*Dataset records:*
========

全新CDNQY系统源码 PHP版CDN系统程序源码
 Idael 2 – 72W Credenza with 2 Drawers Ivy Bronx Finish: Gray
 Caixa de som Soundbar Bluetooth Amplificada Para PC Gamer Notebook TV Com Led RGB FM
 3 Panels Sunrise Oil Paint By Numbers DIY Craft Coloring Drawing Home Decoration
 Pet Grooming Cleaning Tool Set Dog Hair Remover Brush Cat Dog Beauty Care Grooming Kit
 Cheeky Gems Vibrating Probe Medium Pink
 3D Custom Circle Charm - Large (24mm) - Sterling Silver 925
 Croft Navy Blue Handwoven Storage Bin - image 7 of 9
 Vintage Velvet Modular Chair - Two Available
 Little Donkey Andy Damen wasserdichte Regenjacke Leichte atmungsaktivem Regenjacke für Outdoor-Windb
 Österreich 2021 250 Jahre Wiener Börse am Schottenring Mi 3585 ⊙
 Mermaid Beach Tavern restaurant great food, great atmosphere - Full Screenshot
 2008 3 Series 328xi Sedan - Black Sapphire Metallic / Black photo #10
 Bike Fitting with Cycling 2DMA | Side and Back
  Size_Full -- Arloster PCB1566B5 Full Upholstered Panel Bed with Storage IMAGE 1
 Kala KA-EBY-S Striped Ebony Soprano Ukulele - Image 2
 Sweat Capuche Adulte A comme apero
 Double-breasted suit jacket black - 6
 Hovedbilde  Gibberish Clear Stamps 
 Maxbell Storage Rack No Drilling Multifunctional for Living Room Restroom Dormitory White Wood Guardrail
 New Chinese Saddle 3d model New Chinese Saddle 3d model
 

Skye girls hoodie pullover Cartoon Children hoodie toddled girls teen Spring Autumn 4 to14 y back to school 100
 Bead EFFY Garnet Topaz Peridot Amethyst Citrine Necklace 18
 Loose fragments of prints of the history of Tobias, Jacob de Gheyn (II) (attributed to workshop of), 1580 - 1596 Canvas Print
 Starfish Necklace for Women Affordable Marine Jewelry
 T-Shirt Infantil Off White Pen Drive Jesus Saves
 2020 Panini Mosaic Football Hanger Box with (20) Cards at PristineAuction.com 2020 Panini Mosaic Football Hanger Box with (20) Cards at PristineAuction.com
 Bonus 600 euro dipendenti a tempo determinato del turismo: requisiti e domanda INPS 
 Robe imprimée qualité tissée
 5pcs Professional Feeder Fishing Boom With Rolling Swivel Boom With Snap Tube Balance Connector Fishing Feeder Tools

========

*Problem to solve:* Each record must be output word for word.

*Problem solution:*
全新CDNQY系统源码 PHP版CDN系统程序源码
 Idael 2 – 72W Credenza with 2 Drawers Ivy Bronx Finish: Gray
 Caixa de som Soundbar Bluetooth Amplificada Para PC Gamer Notebook TV Com Led RGB FM
 3 Panels Sunrise Oil Paint By Numbers DIY Craft Coloring Drawing Home Decoration
 Pet Grooming Cleaning Tool Set Dog Hair Remover Brush Cat Dog Beauty Care Grooming Kit
 Cheeky Gems Vibrating Probe Medium Pink
 3D Custom Circle Charm - Large (24mm) - Sterling Silver 925
 Croft Navy Blue Handwoven Storage Bin - image 7 of 9
 Vintage Velvet Modular Chair - Two Available
 Little Donkey Andy Damen wasserdichte Regenjacke Leichte atmungsaktivem Regenjacke für Outdoor-Windb
 Österreich 2021 250 Jahre Wiener Börse am Schottenring Mi 3585 ⊙
 Mermaid Beach Tavern restaurant great food, great atmosphere - Full Screenshot
 2008 3 Series 328xi Sedan - Black Sapphire Metallic / Black photo #10
 Bike Fitting with Cycling 2DMA | Side and Back
  Size_Full -- Arloster PCB1566B5 Full Upholstered Panel Bed with Storage IMAGE 1
 Kala KA-EBY-S Striped Ebony Soprano Ukulele - Image 2
 Sweat Capuche Adulte A comme apero
 Double-breasted suit jacket black - 6
 Hovedbilde  Gibberish Clear Stamps 
 Maxbell Storage Rack No Drilling Multifunctional for Living Room Restroom Dormitory White Wood Guardrail
 New Chinese Saddle 3d model New Chinese Saddle 3d model
 

Skye girls hoodie pullover Cartoon Children hoodie toddled girls teen Spring Autumn 4 to14 y back to school 100
 Bead EFFY Garnet Topaz Peridot Amethyst Citrine Necklace 18
 Loose fragments of prints of the history of Tobias, Jacob de Gheyn (II) (attributed to workshop of), 1580 - 1596 Canvas Print
 Starfish Necklace for Women Affordable Marine Jewelry
 T-Shirt Infantil Off White Pen Drive Jesus Saves
 2020 Panini Mosaic Football Hanger Box with (20) Cards at PristineAuction.com 2020 Panini Mosaic Football Hanger Box with (20) Cards at PristineAuction.com
 Bonus 600 euro dipendenti a tempo determinato del turismo: requisiti e domanda INPS 
 Robe imprimée qualité tissée
 5pcs Professional Feeder Fishing Boom With Rolling Swivel Boom With Snap Tube Balance Connector Fishing Feeder Tools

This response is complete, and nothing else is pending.